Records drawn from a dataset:
+ + + + + + +
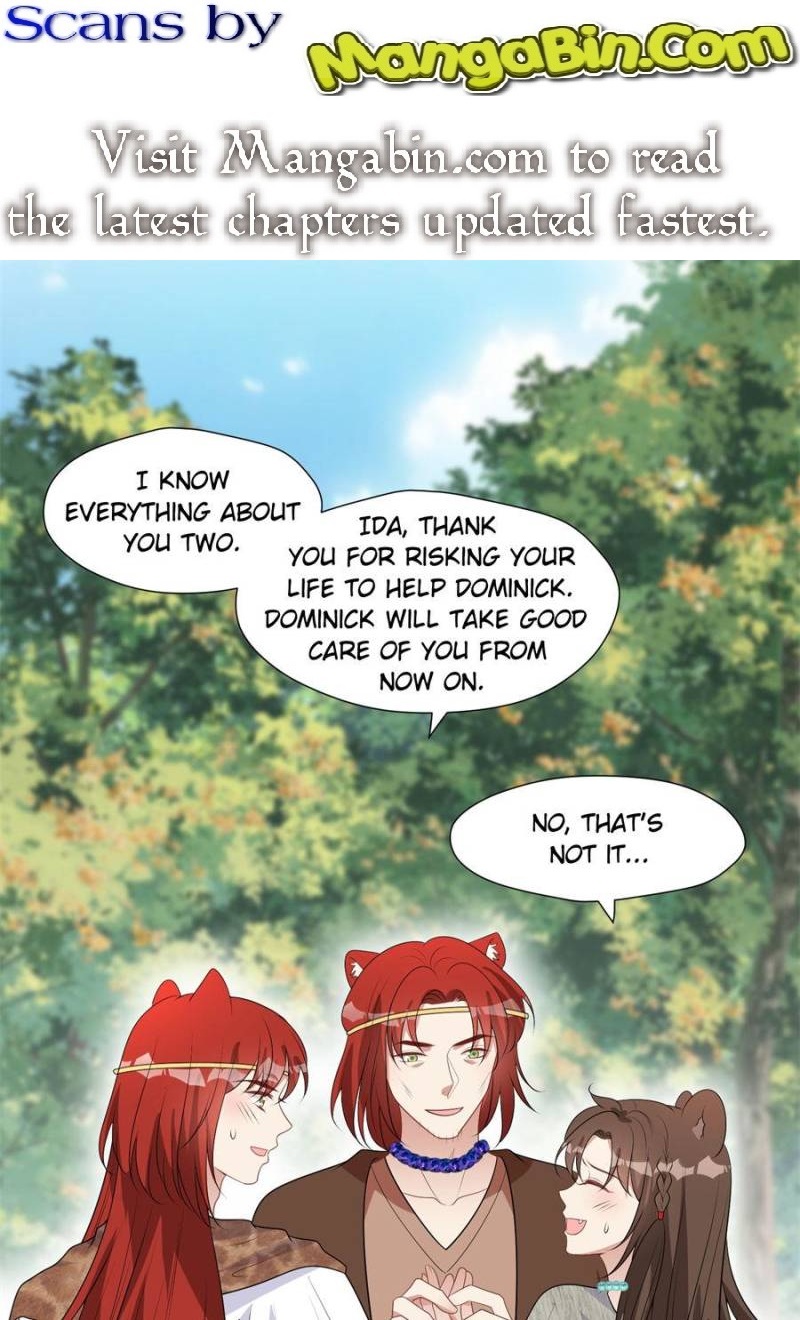 I Became the Beastman’s Wife Chapter 393 80 01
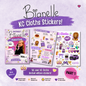 BIANELLE STICKER SHEET (PART 1)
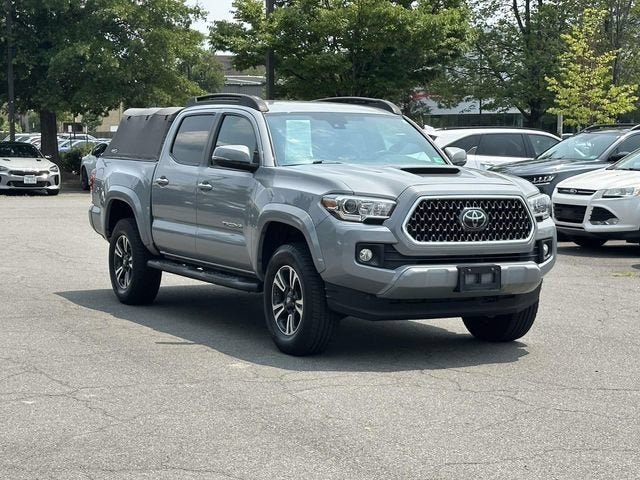 2018 Toyota Tacoma TRD Sport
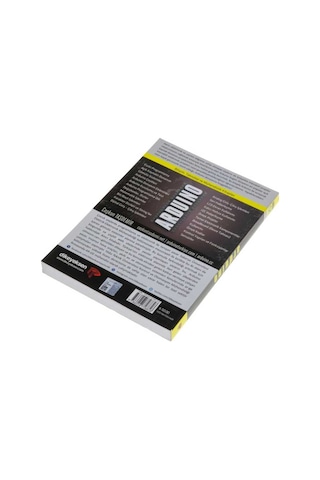 Arduino - Coşkun Taşdemir - Dikeyeksen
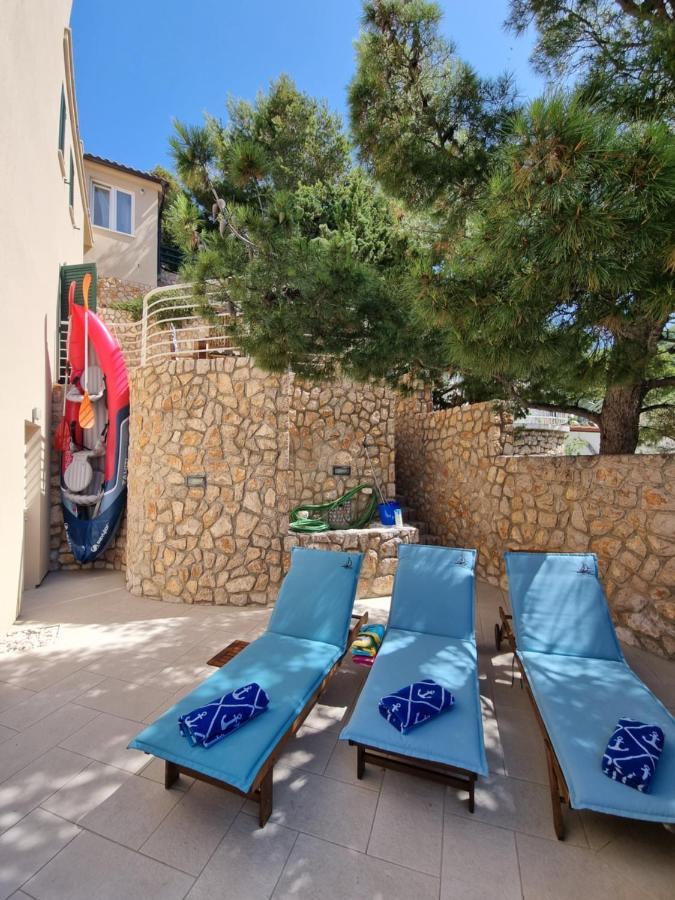 Villa Relax , With Seaview And Two Pools Near Beach Starigrad  Ngoại thất bức ảnh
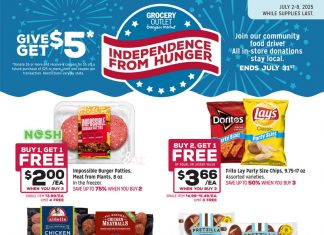 Grocery Outlet Weekly Ad Jul 02 – Jul 08, 2025 (Independence Day Promotion Included)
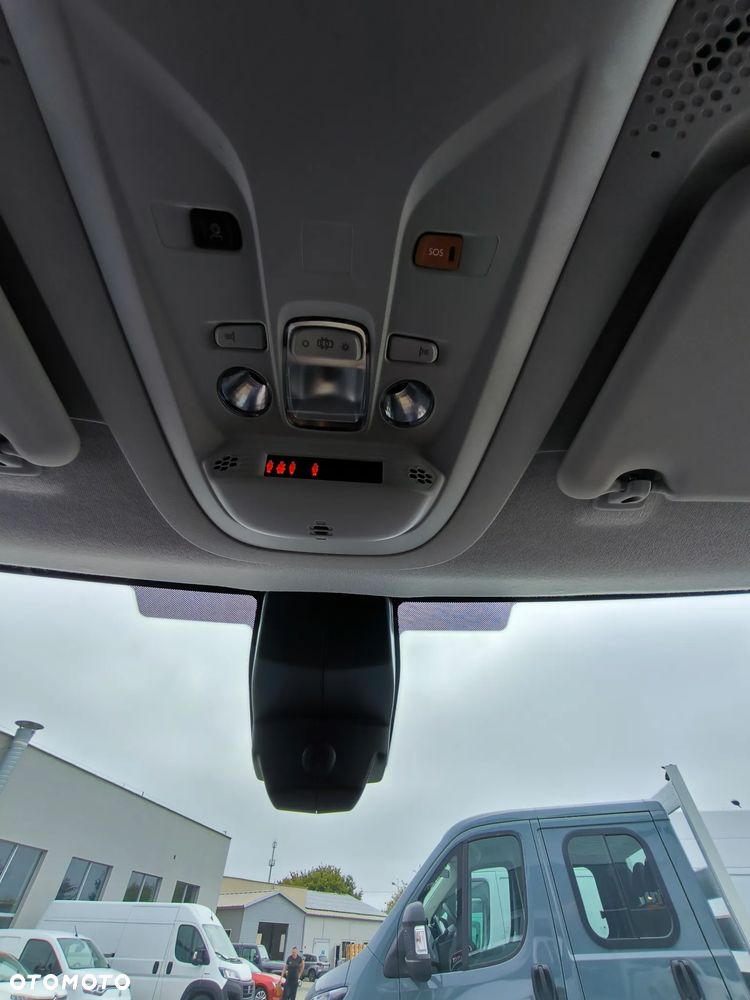 Fiat Doblo załogowy / brygadówka - 15
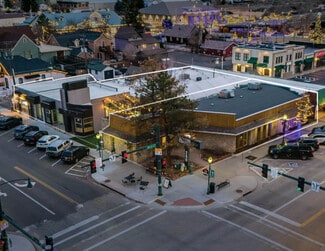Castle Rock, CO Storefront - 330-350 3rd St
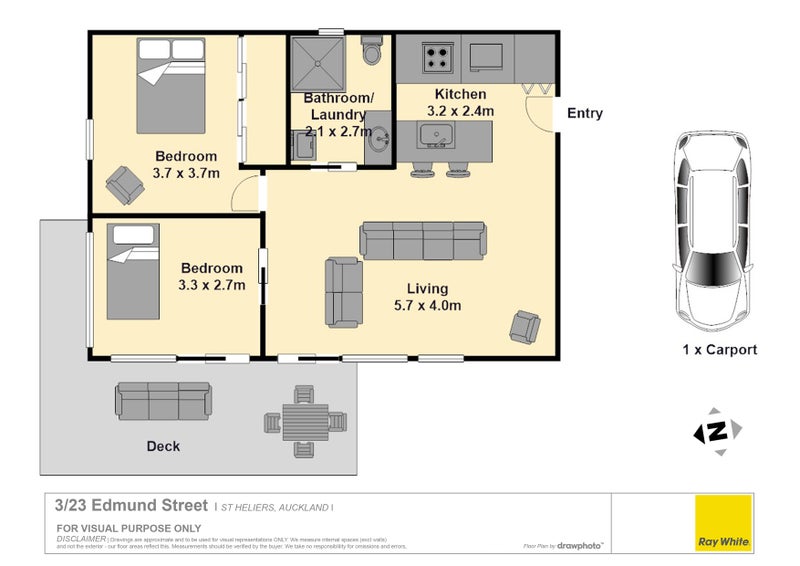 3/23 Edmund Street, St Heliers, Auckland - Carousel 18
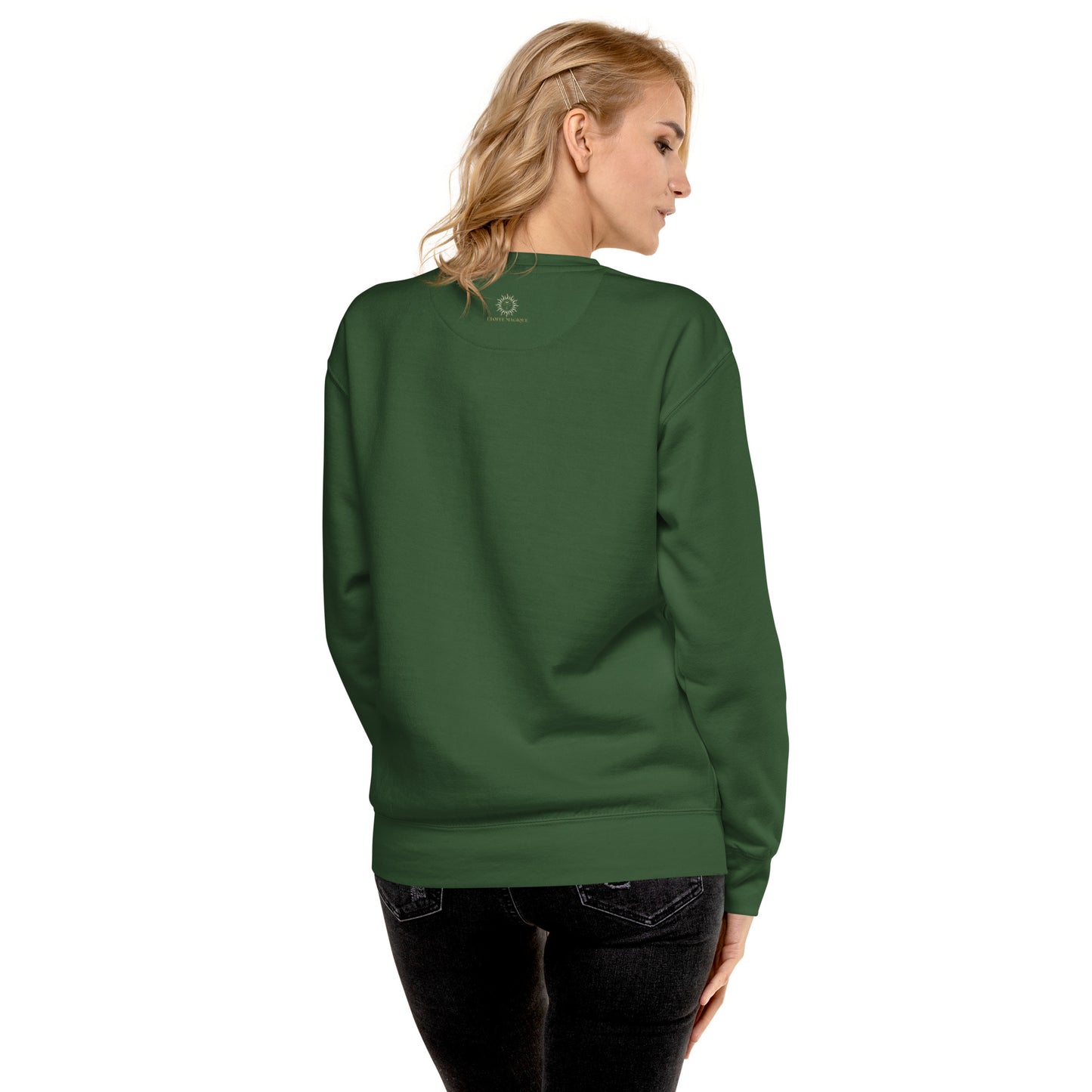 Sweatshirt premium unisexe - Biche De Noël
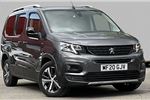 2020 Peugeot Rifter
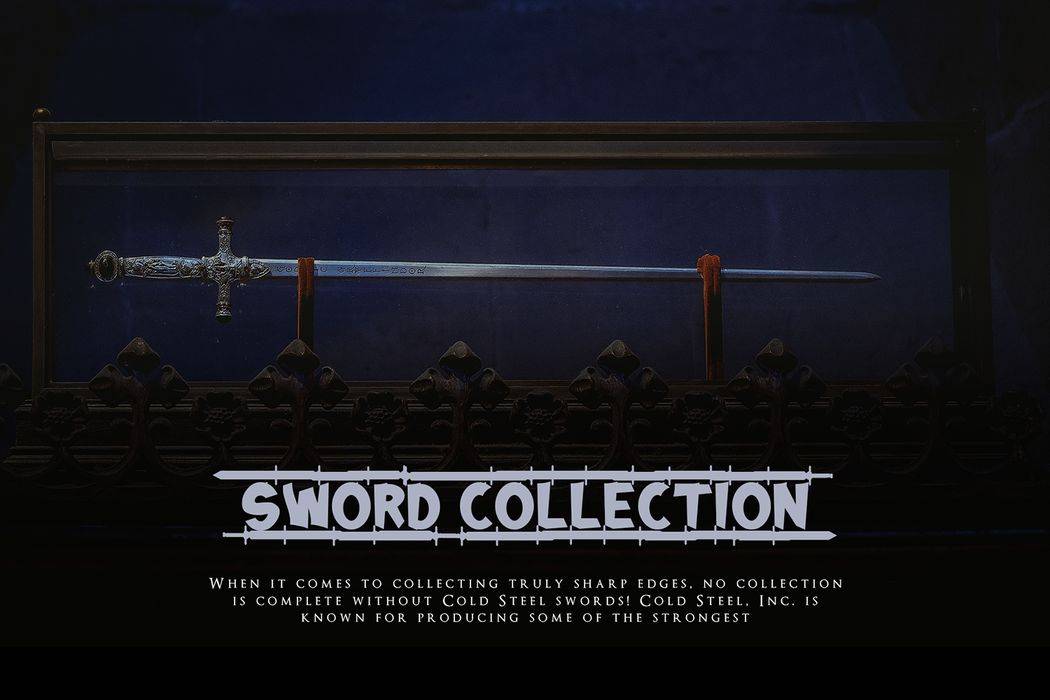 Thorn Blade Font sample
+ + + + + + +
### Try it
Retype every record as it stands. None of the pictures should appear.

### Result for this exercise
 I Became the Beastman’s Wife Chapter 393 80 01
 BIANELLE STICKER SHEET (PART 1)
 2018 Toyota Tacoma TRD Sport
 Arduino - Coşkun Taşdemir - Dikeyeksen
 Villa Relax , With Seaview And Two Pools Near Beach Starigrad  Ngoại thất bức ảnh
 Grocery Outlet Weekly Ad Jul 02 – Jul 08, 2025 (Independence Day Promotion Included)
 Fiat Doblo załogowy / brygadówka - 15
Castle Rock, CO Storefront - 330-350 3rd St
 3/23 Edmund Street, St Heliers, Auckland - Carousel 18
 Sweatshirt premium unisexe - Biche De Noël
 2020 Peugeot Rifter
 Thorn Blade Font sample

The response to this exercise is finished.